- [Problem requirements]: Extract the whole listing as it stands. Do not include the pictures.

- [Material provided]:
----
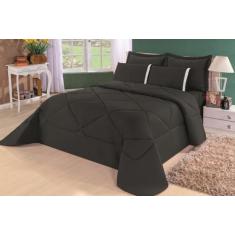 Edredom Casal Queen + Lençol Conforto Dupla Face 6Pçs Preto - Confecçõ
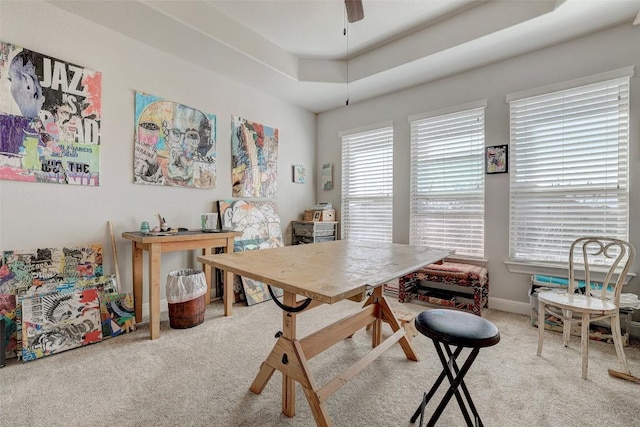114 Angela Rose Ct, Austin, TX 78737 - carpeted dining area featuring ceiling fan and baseboards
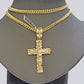 10k Yellow Gold Link Chain Pendant 5mm 18"-28" Miami Cuban Necklace Cross Charm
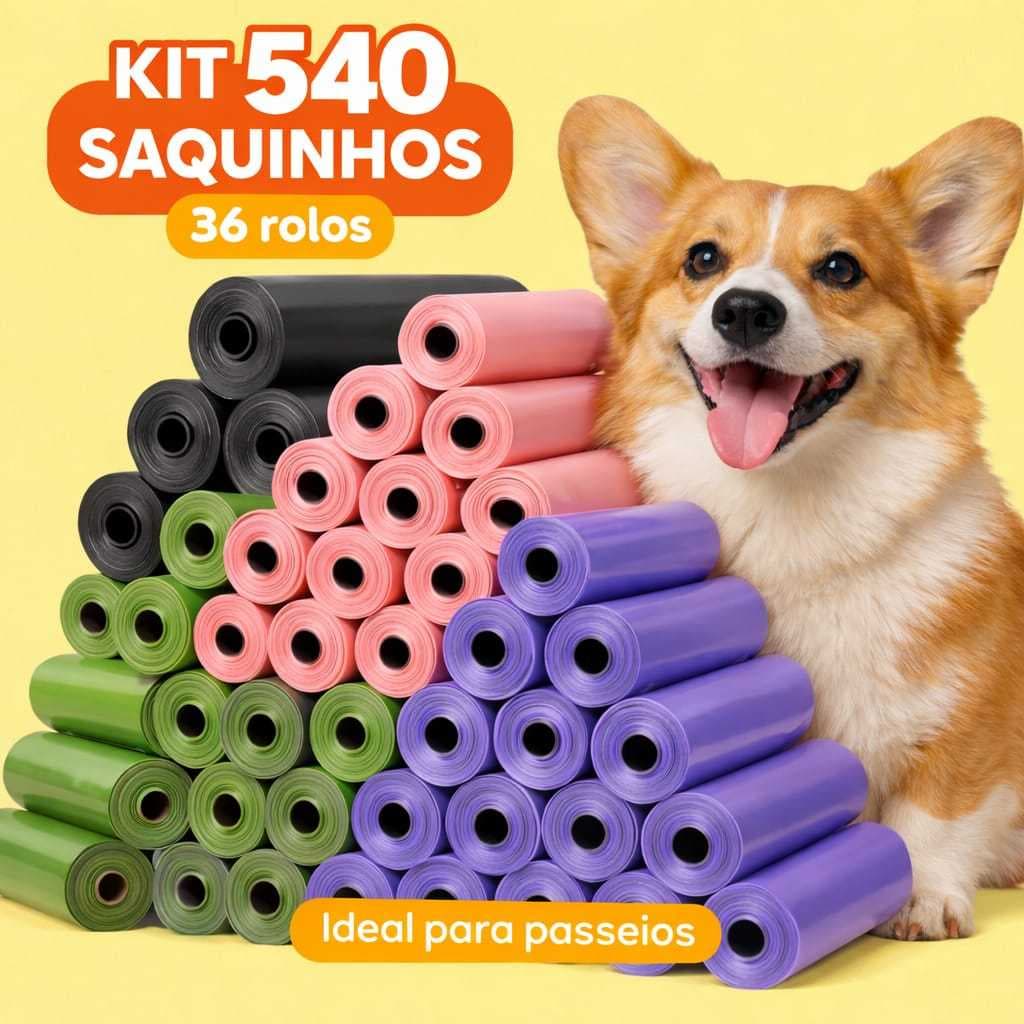 540 Saquinho Cata Caca Pet Refil Saquinho Cachorro Gato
----
- [Your solution]:
 Edredom Casal Queen + Lençol Conforto Dupla Face 6Pçs Preto - Confecçõ
114 Angela Rose Ct, Austin, TX 78737 - carpeted dining area featuring ceiling fan and baseboards
 10k Yellow Gold Link Chain Pendant 5mm 18"-28" Miami Cuban Necklace Cross Charm
 540 Saquinho Cata Caca Pet Refil Saquinho Cachorro Gato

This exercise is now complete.